In an opinion issued yesterday, the Nevada Supreme Court addressed the extent to which a member of a limited liability company is protected in a negligence based tort action against the LLC. Gardner v. Henderson Water Park, LLC, 133 Nev. Adv. Op. 54 (2017). The plaintiffs in the case are the parents of a boy who suffered severe injuries in a wave pool at a water park. In addition to naming the LLC, the plaintiffs named its two managing members. The District Court granted summary judgment to the managing members and the parents appealed. The Supreme Court upheld the District Court’s order in a very brief opinion by Justice Mark Gibbons.

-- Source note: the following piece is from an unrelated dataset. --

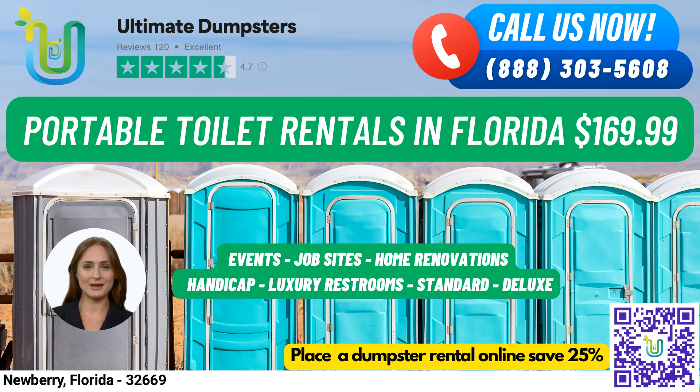At Ultimate Dumpsters, we understand that your needs may vary, and that is why we offer multiple services, including dumpster rentals, porta-potties, mobile storage units, temporary fencing, commercial weekly garbage, and more. With our online portal, you can check on order statuses and make changes with ease, and every client is assigned a dedicated project manager to ensure a seamless experience.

On appeal, the plaintiffs argued that they were pursuing a direct claim against the member-managers for their own tortious conduct in negligently operating the water park. The Supreme Court, reviewing the District Court’s order de novo, cited NRS 86.371 that provides:
Unless otherwise provided in the articles of organization or an agreement signed by the member or manager to be charged, no member or manager of any limited-liability company formed under the laws of this State is individually liable for the debts or liabilities of the company.
The Supreme Court also cited NRS 86.381 that provides:
A member of a limited-liability company is not a proper party to proceedings by or against the company, except where the object is to enforce the member’s right against or liability to the company.
Noting that these statutes to not shield members from liability for personal negligence, the Supreme Court found that the plaintiffs had failed to allege that the member-managers were personally negligent. In particular, the Supreme Court found that the plaintiffs failed to specify how any individual act or omission by the member-manager’s contributed to their son’s injuries. Therefore, the plaintiffs impermissibly sought to hold the member-managers liable for the negligence of the water park solely by virtue of their status as member-managers.